··· THE DATA ···
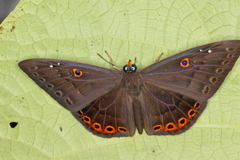 Eurybia molochina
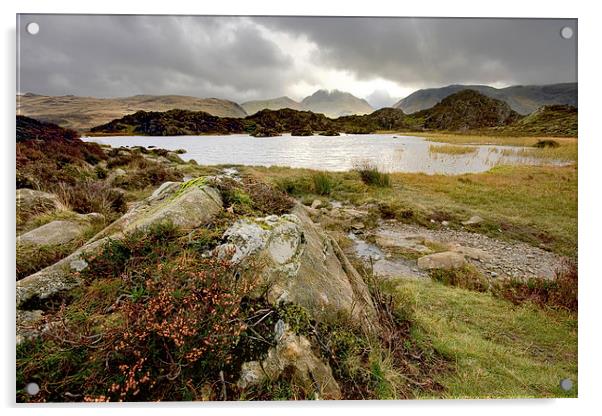   Innominate Tarn English Lake District Cumbria Acrylic by Gary Kenyon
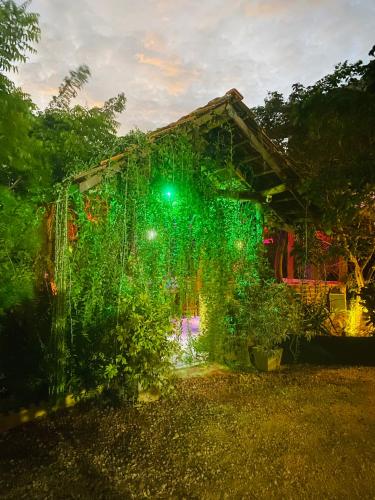 a green lit up house with a green light at Hotel Hanguk Villa in Dambulla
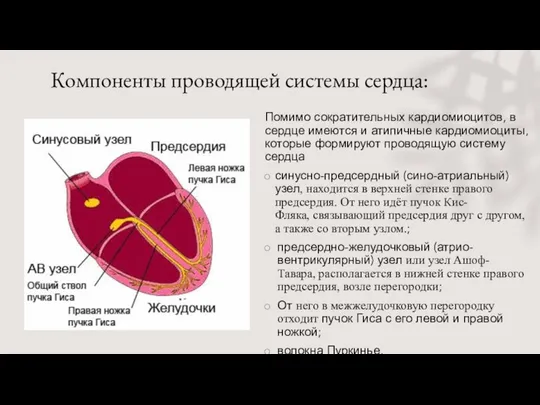 Компоненты проводящей системы сердца: Помимо сократительных кардиомиоцитов, в сердце имеются и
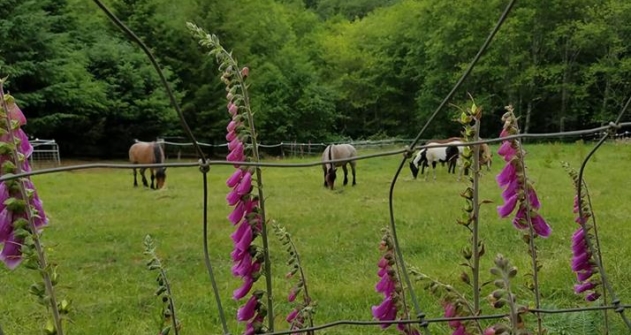 sunny ponies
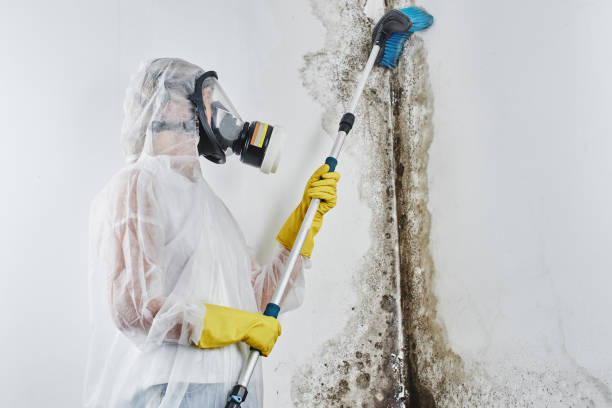 Best Mold Cleaning Services  in Buckhead Ridge, FL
···
EXERCISE DESCRIPTION: Retype the lines starting with the one that holds "a green lit" and ending with the last line of the data above, both included; skip the pictures.

OUTPUT FOR THIS TASK:
 a green lit up house with a green light at Hotel Hanguk Villa in Dambulla
 Компоненты проводящей системы сердца: Помимо сократительных кардиомиоцитов, в сердце имеются и
 sunny ponies
 Best Mold Cleaning Services  in Buckhead Ridge, FL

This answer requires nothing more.